#### Directions:
Only the text of the records belongs in the answer, copied exactly, with every picture omitted.
=== Provided records ===
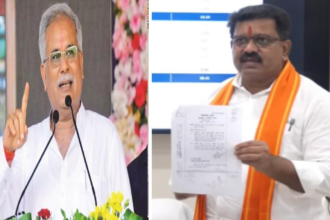 PM Awas Yojana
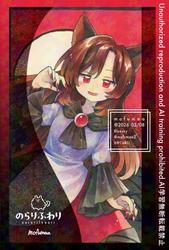 d3c3213f486954e994b5e8dc86f576af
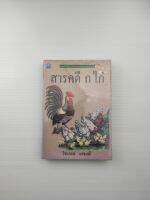 สารคดี ก ไก่  ในปีพ.ศ 2538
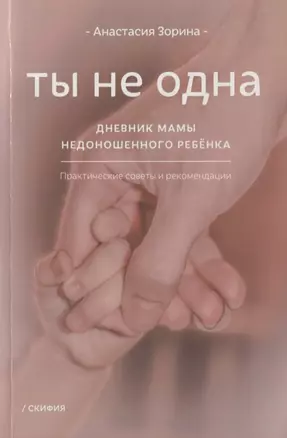 Ты не одна. Дневник мамы недоношенного ребенка. Практические советы и рекомендации — 2713616 — 1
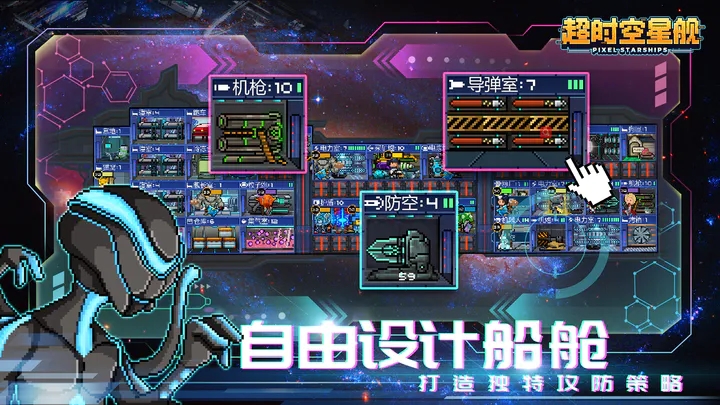 超时空星舰官方正版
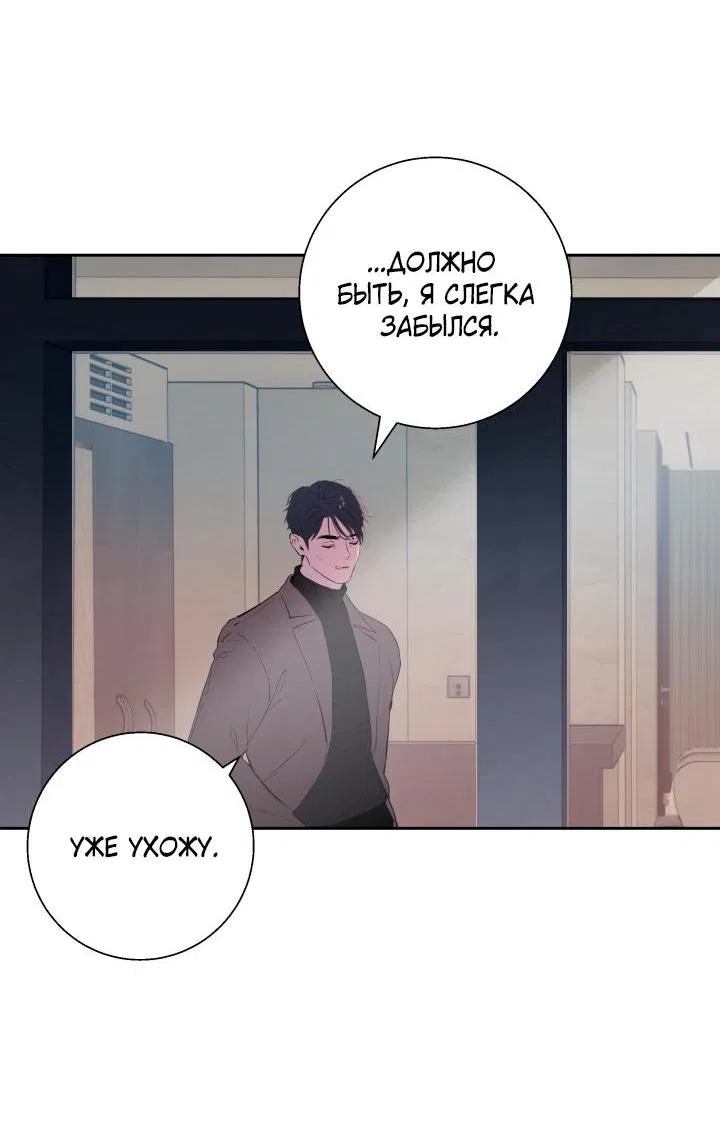 Манга Мой папочка - Глава 23 Страница 46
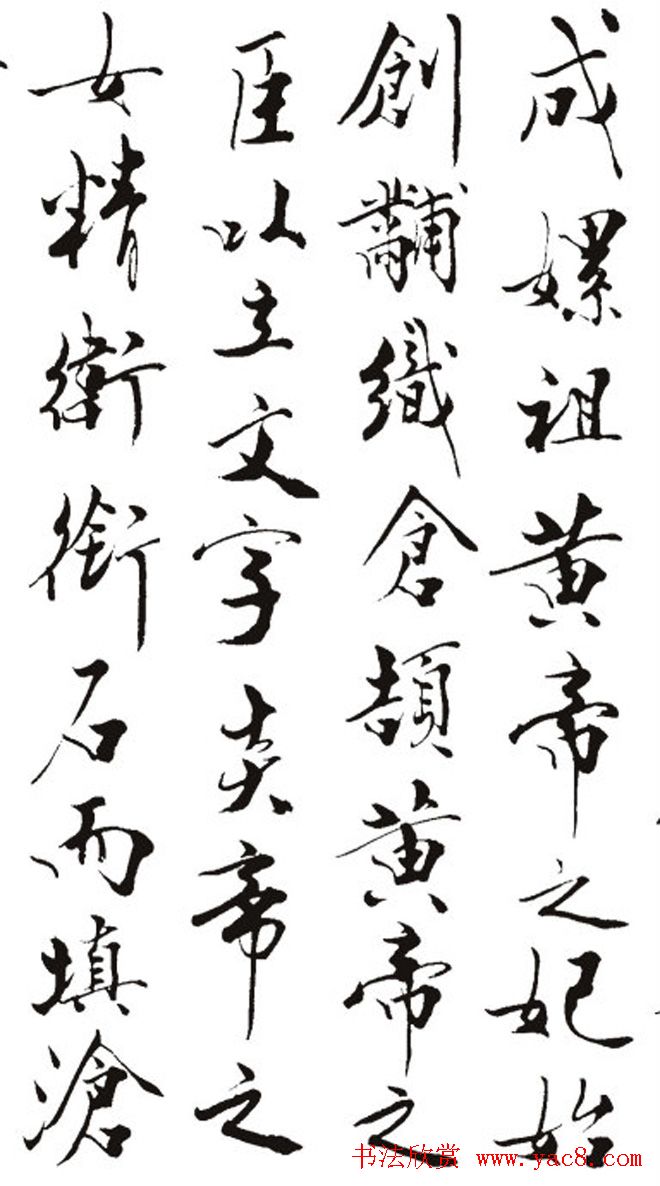 名作赏析：范曾撰文并书丹《炎黄赋》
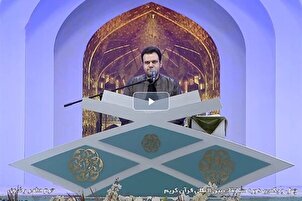 Film/ Tilawah Hosseinipour dalam Final Musabaqoh Alquran Internasional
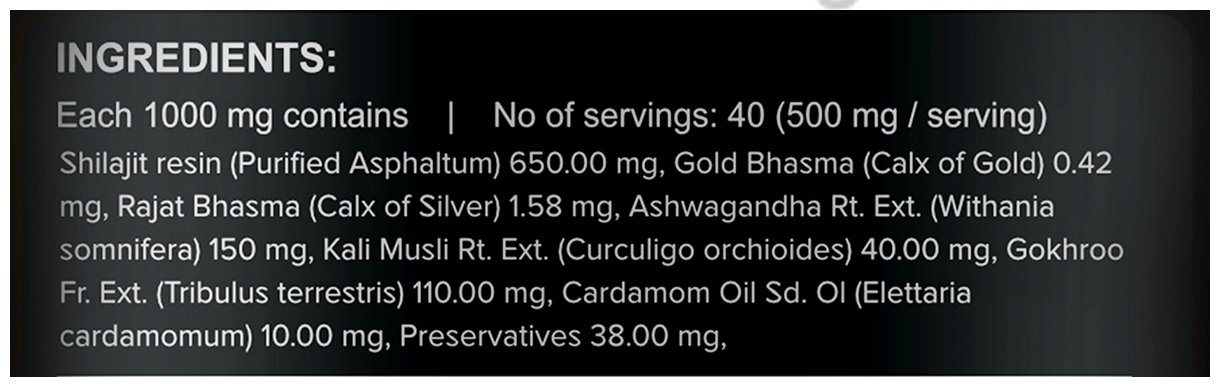 Jiva Ayurveda Shilajit Resin Gold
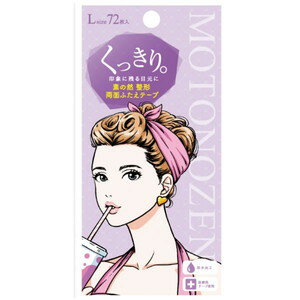 素の然　ふたえテープ　両面　L　72枚入［ネコポス配送2］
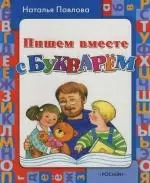 Пишем вместе с букварем — 2125640 — 1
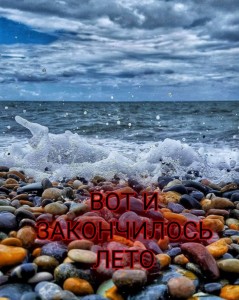 Create meme: ocean sea, The black sea, sea landscape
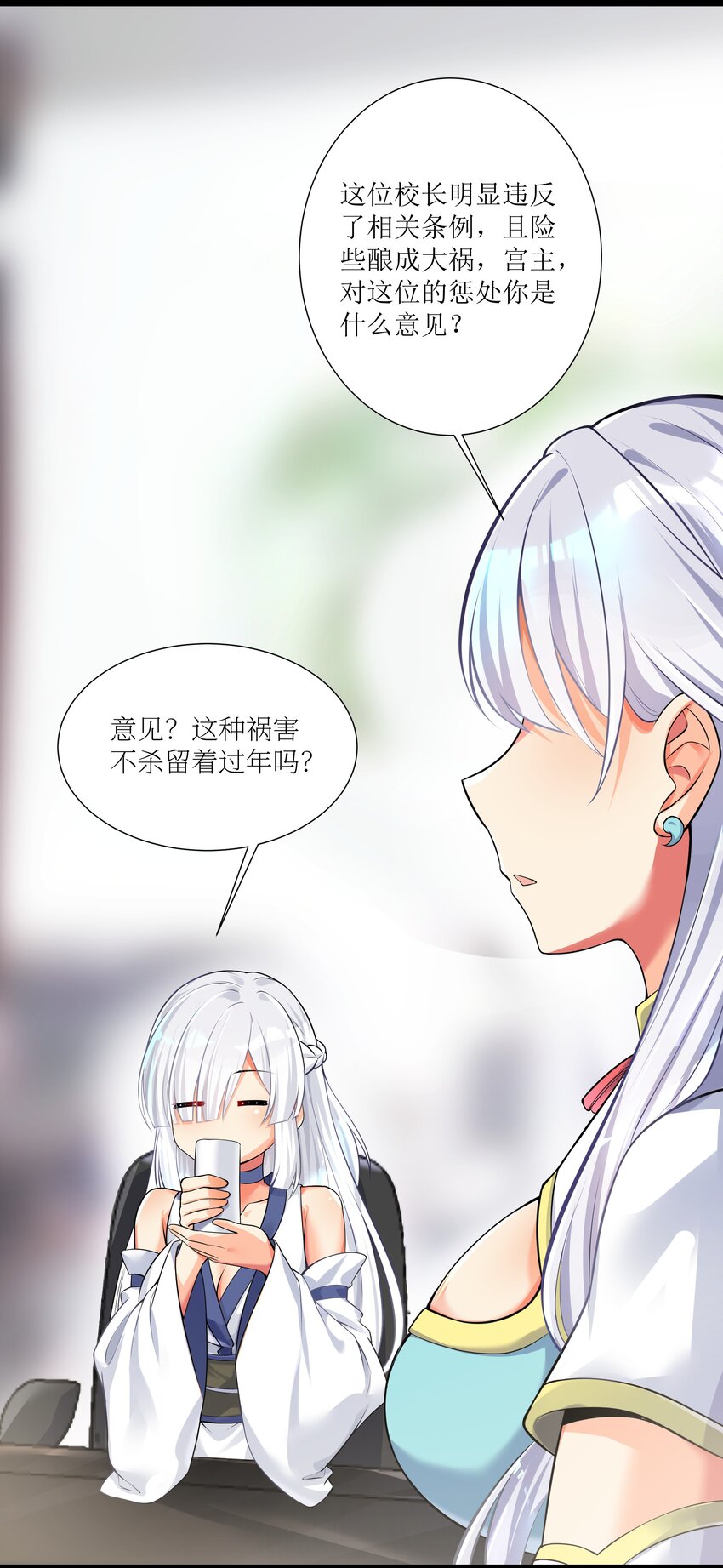 69 学园长58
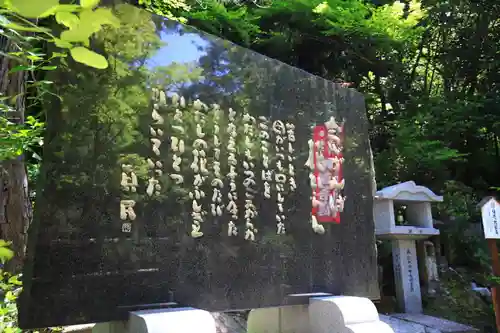 松源寺のその他建物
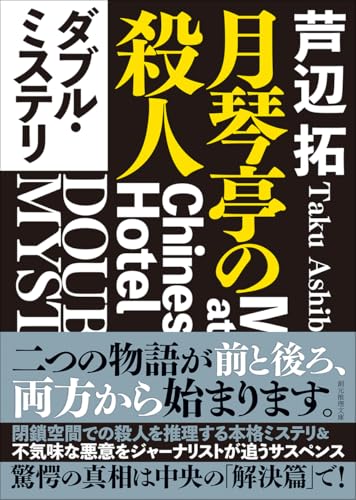 芦辺拓:ダブル・ミステリ: 月琴亭の殺人/ノンシリアル・キラー (創元推理文庫)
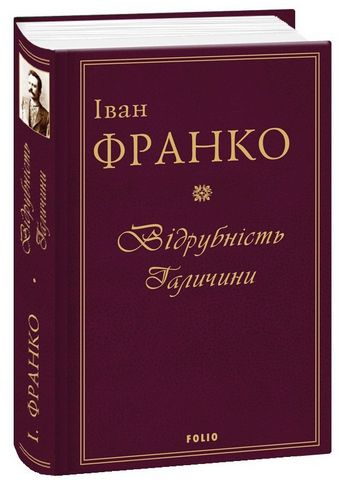 Відрубність Галичини - фото 1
===
#### Exercise output:
 PM Awas Yojana
 d3c3213f486954e994b5e8dc86f576af
 สารคดี ก ไก่  ในปีพ.ศ 2538
 Ты не одна. Дневник мамы недоношенного ребенка. Практические советы и рекомендации — 2713616 — 1
 超时空星舰官方正版
 Манга Мой папочка - Глава 23 Страница 46
 名作赏析：范曾撰文并书丹《炎黄赋》
 Film/ Tilawah Hosseinipour dalam Final Musabaqoh Alquran Internasional
 Jiva Ayurveda Shilajit Resin Gold
 素の然　ふたえテープ　両面　L　72枚入［ネコポス配送2］
 Пишем вместе с букварем — 2125640 — 1
 Create meme: ocean sea, The black sea, sea landscape
 69 学园长58
 松源寺のその他建物
 芦辺拓:ダブル・ミステリ: 月琴亭の殺人/ノンシリアル・キラー (創元推理文庫)
 Відрубність Галичини - фото 1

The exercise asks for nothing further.